### GIVEN RECORDS
┄┄┄┄┄┄

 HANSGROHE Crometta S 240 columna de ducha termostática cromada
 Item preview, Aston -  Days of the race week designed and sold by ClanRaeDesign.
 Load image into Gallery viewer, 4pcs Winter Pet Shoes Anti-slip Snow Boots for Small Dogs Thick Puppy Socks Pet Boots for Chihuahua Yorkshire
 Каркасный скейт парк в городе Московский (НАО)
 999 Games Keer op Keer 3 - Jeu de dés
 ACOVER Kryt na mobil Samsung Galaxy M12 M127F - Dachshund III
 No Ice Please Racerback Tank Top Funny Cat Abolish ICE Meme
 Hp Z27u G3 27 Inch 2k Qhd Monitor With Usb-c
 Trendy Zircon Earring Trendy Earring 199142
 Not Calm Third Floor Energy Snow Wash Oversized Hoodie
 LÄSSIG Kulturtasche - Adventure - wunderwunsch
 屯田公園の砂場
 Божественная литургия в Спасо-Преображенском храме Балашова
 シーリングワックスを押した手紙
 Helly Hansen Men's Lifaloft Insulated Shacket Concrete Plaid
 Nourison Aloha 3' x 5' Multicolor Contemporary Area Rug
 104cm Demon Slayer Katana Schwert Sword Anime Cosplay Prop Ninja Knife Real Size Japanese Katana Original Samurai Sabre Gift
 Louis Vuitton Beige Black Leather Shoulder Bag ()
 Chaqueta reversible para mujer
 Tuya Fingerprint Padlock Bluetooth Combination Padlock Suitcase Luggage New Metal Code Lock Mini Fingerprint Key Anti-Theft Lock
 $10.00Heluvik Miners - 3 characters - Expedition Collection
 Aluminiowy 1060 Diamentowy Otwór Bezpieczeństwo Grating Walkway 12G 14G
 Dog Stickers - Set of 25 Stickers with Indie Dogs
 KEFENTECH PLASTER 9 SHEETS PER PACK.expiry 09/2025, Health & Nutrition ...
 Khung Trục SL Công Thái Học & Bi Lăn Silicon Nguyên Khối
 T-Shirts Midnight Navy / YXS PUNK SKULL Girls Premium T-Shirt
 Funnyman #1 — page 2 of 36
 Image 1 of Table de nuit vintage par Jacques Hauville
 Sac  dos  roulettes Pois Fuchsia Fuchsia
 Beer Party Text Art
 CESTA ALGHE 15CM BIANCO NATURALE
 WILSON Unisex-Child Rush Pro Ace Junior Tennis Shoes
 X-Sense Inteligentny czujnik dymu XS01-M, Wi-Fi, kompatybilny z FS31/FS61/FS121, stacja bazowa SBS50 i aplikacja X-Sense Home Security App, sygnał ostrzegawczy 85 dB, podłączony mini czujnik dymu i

┄┄┄┄┄┄

### PROMPT
Return every line from the records above that holds the word "Shoes".

### EXERCISE ANSWER
 Load image into Gallery viewer, 4pcs Winter Pet Shoes Anti-slip Snow Boots for Small Dogs Thick Puppy Socks Pet Boots for Chihuahua Yorkshire
 WILSON Unisex-Child Rush Pro Ace Junior Tennis Shoes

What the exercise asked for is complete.